[EXERCISE DATA]
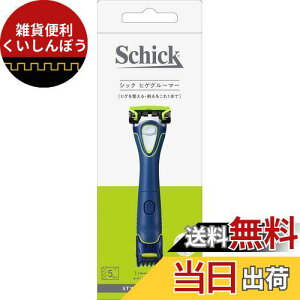 シック Schick ヒゲグルーマー(刃付き) 1個 (x 1)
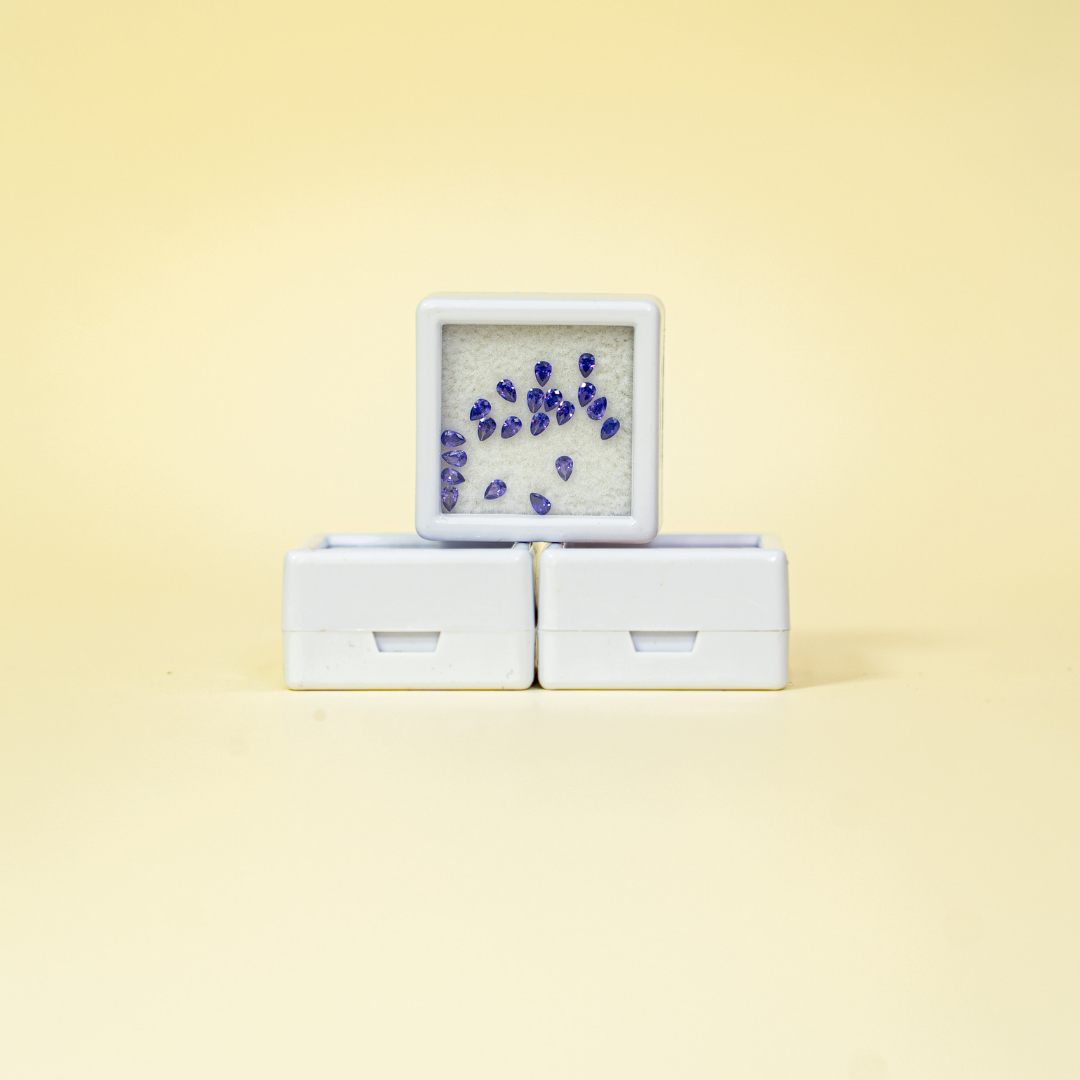 Set de Mini Cristales  Claumy®️ para Decoración de Uñas - 20 unidades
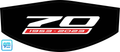 2023 Corvette 70th Anniversary Logo Trunk Cover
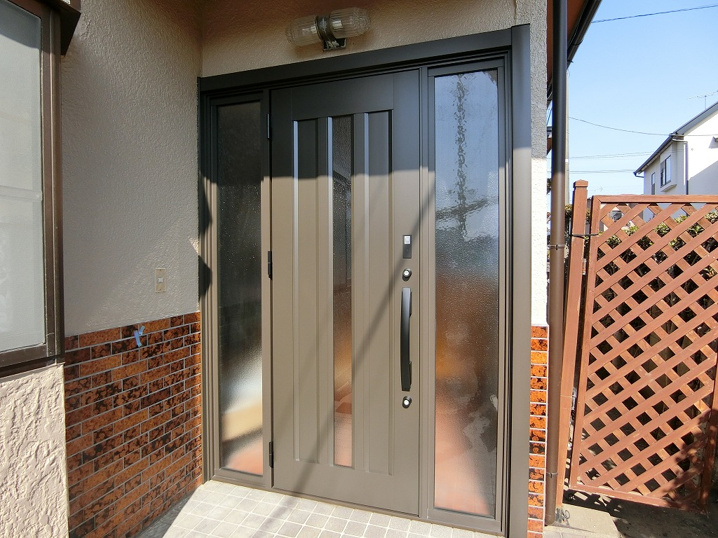 引き戸から玄関ドアへリフォーム アシストプラン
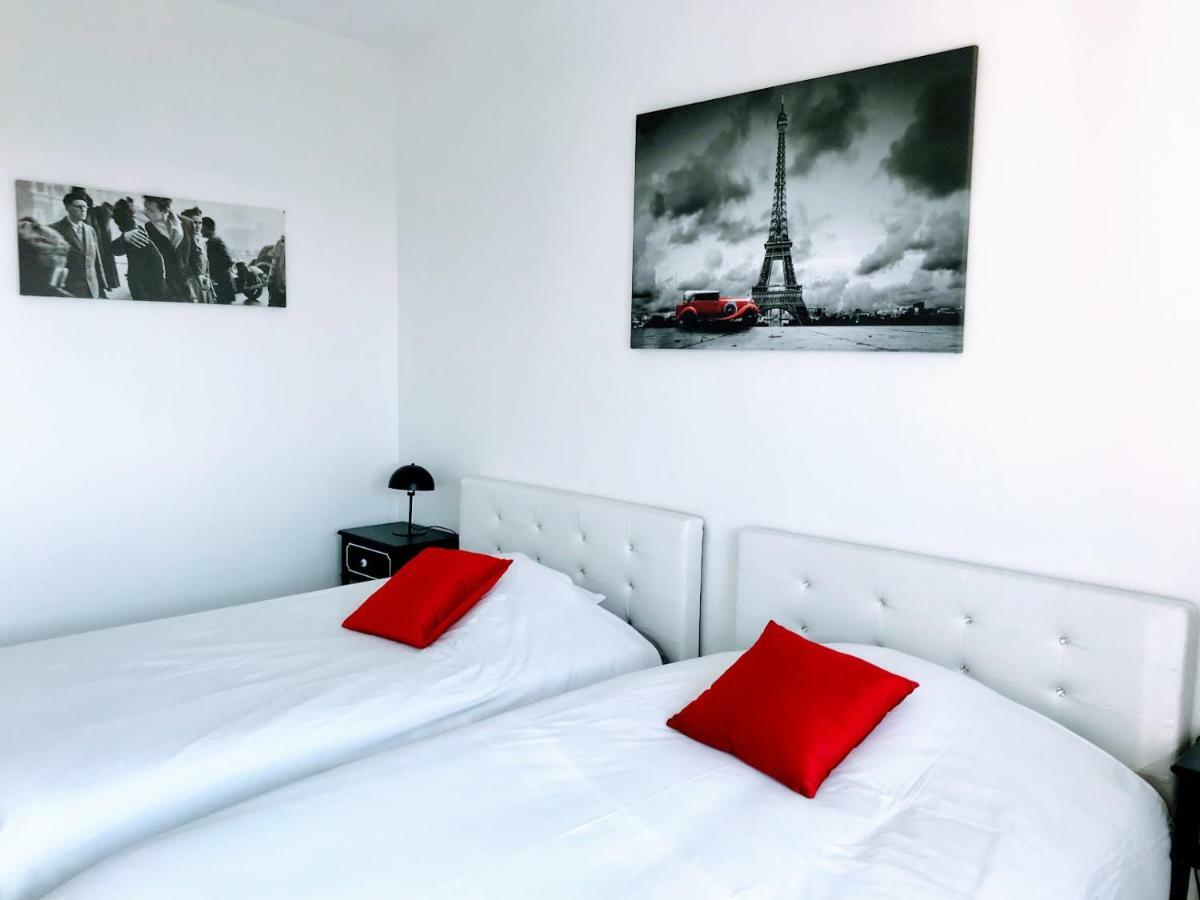 Appartement Luxe Eiffel Tower And Seine River Paris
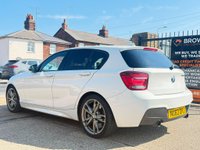 USED 2013 63 BMW 1 SERIES 3.0 M135i Euro 5 (s/s) 5dr RARE MANUAL CAR NEW MOT SERVIC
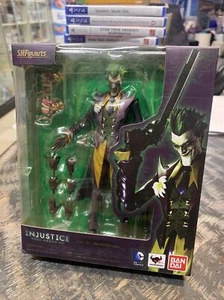 The Joker Injustice Ver. Bandai SH Figuarts, Nuova, New - Imagen 1 de 2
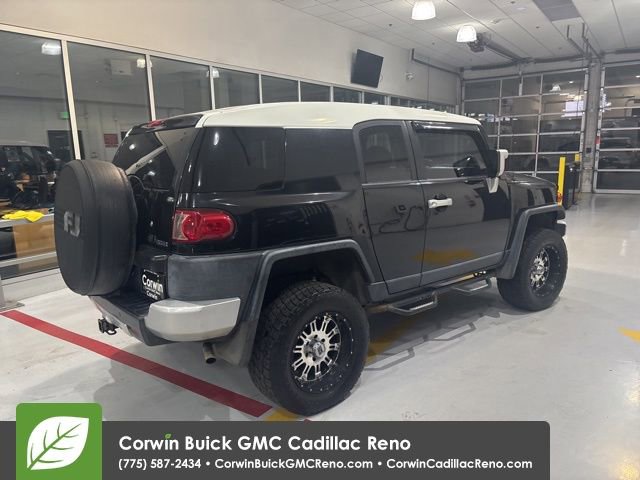 Used 2007 Toyota FJ Cruiser 4WD image 9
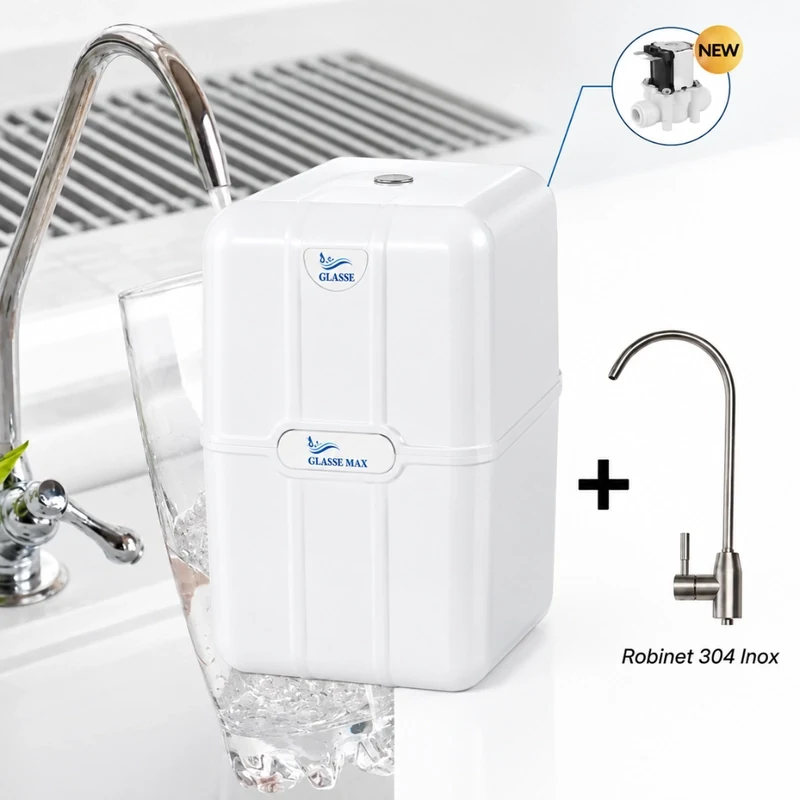 GLASSE MAX 6ST (BLANCHE) — équipement de filtration d’eau au Maroc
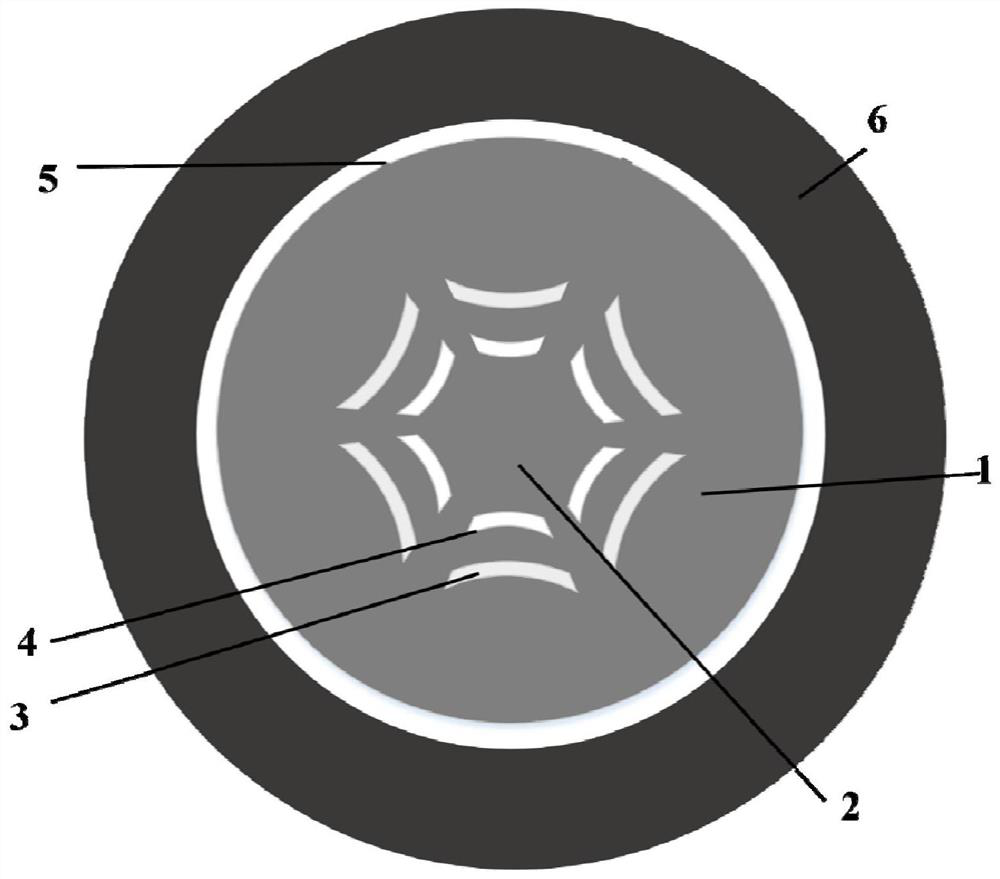 A SPR low-refractive index sensor based on negative curvature photonic crystal fiber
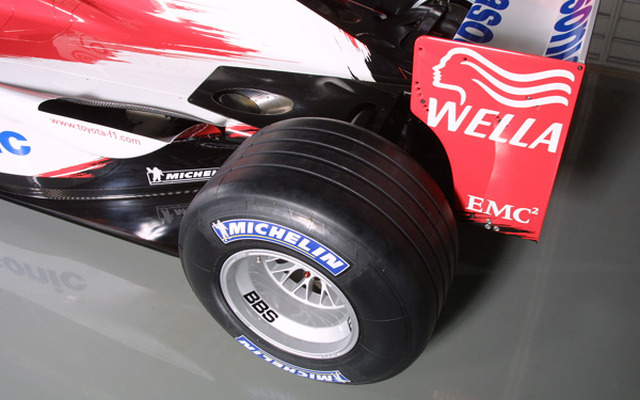 【トヨタF1ドリーム】2002年型発表…新たなスポンサー
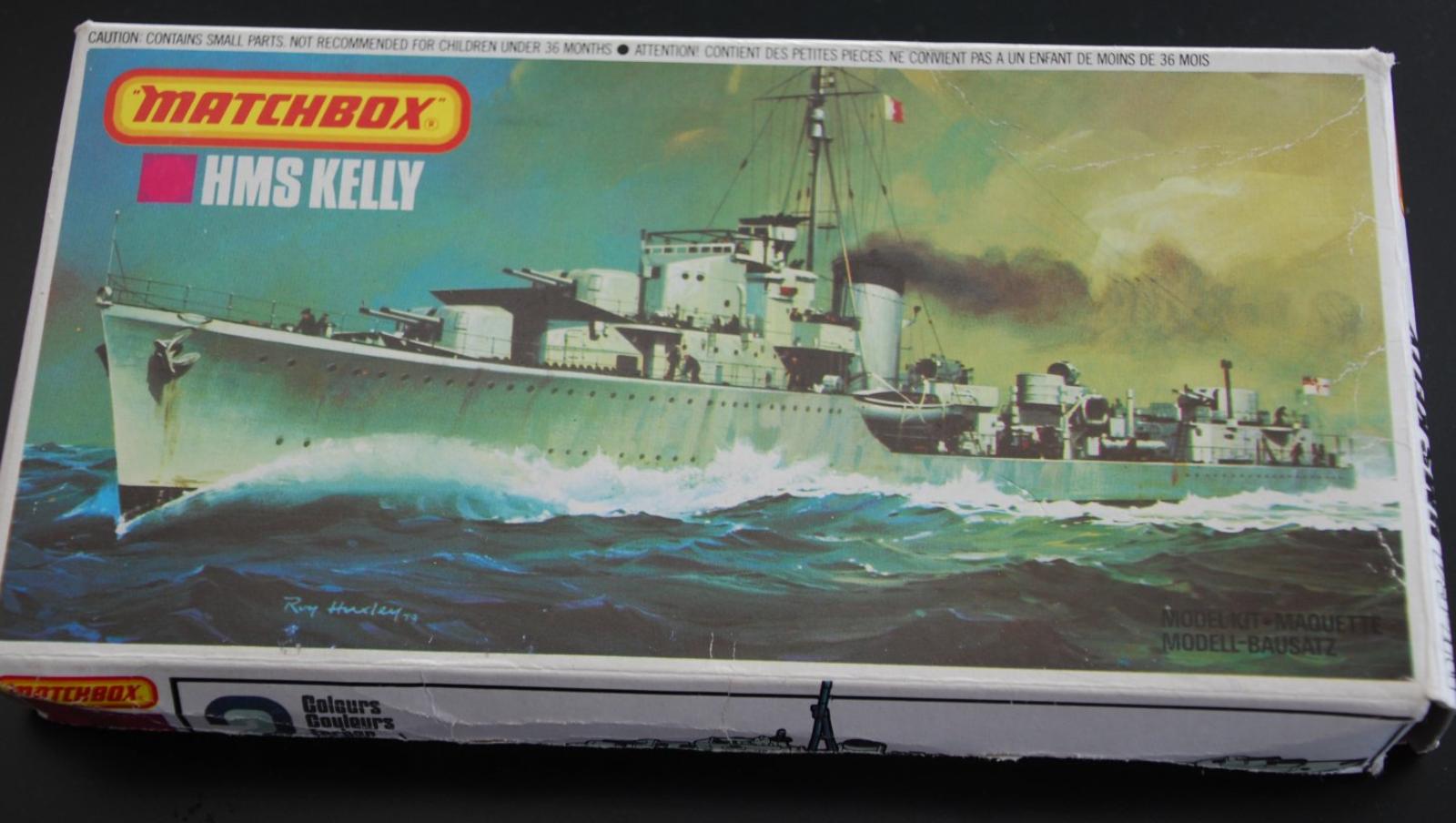 Matchbox HMS Kelly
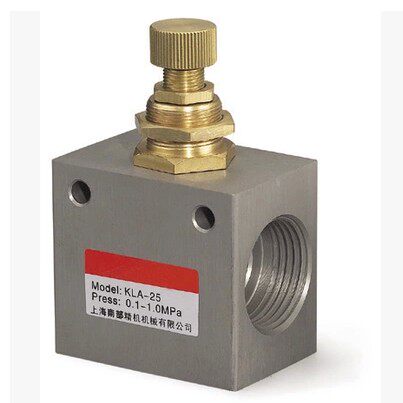 One-way throttle valve Quick throttle valve KLA-06KLA-08KAL-10KLA-15KLA-20KLA-25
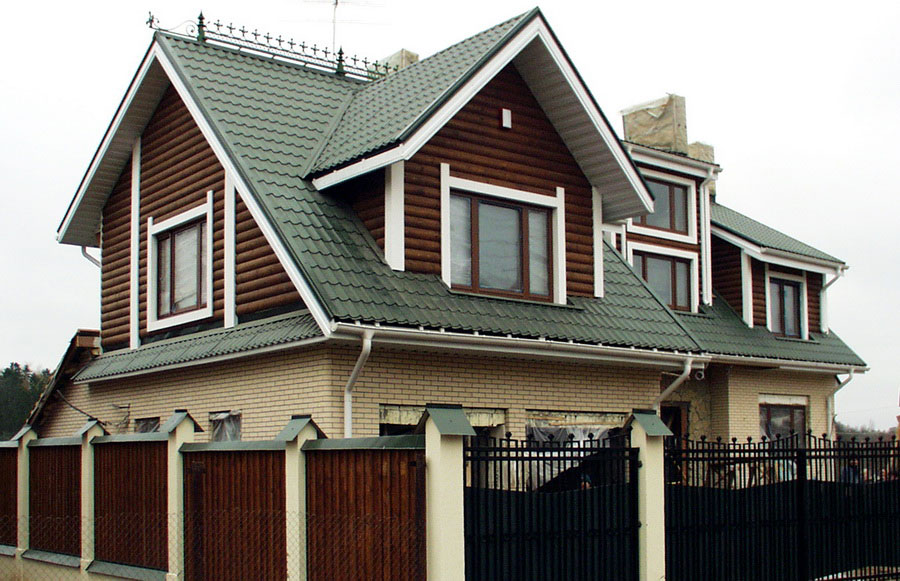 Кровля из металлочерепицы Кровля из металлочерепицы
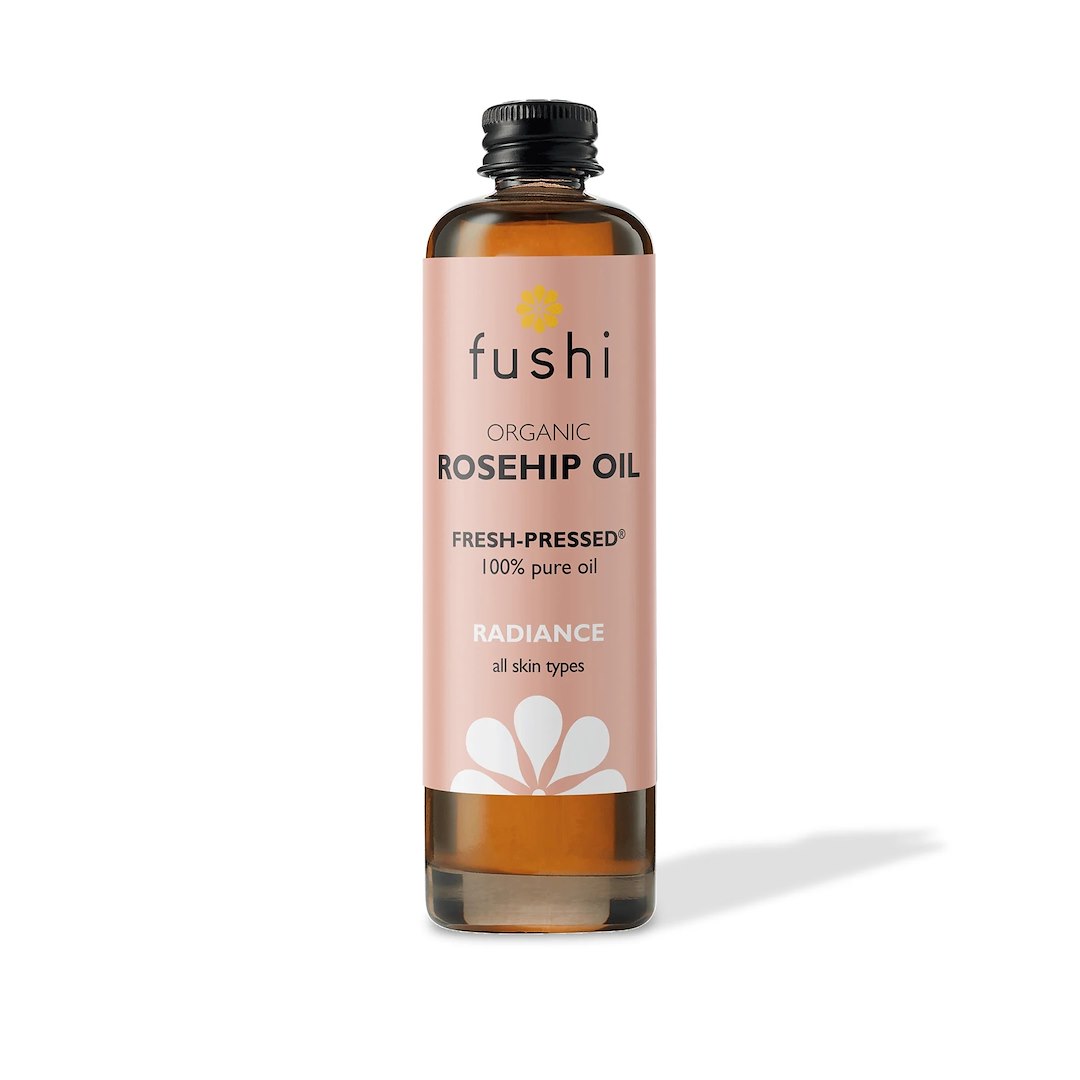 FUSHI Organic Rosehip Seed Oil (100 ml/ 3.4 fl oz)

[ACTION ITEM] Above, find the line holding "Appartement Luxe Eiffel" and the line holding "GLASSE MAX 6ST". Print exactly those two lines and every line between them, but no pictures.

[THE COMPLETED TASK]
 Appartement Luxe Eiffel Tower And Seine River Paris
 USED 2013 63 BMW 1 SERIES 3.0 M135i Euro 5 (s/s) 5dr RARE MANUAL CAR NEW MOT SERVIC
 The Joker Injustice Ver. Bandai SH Figuarts, Nuova, New - Imagen 1 de 2
 Used 2007 Toyota FJ Cruiser 4WD image 9
 GLASSE MAX 6ST (BLANCHE) — équipement de filtration d’eau au Maroc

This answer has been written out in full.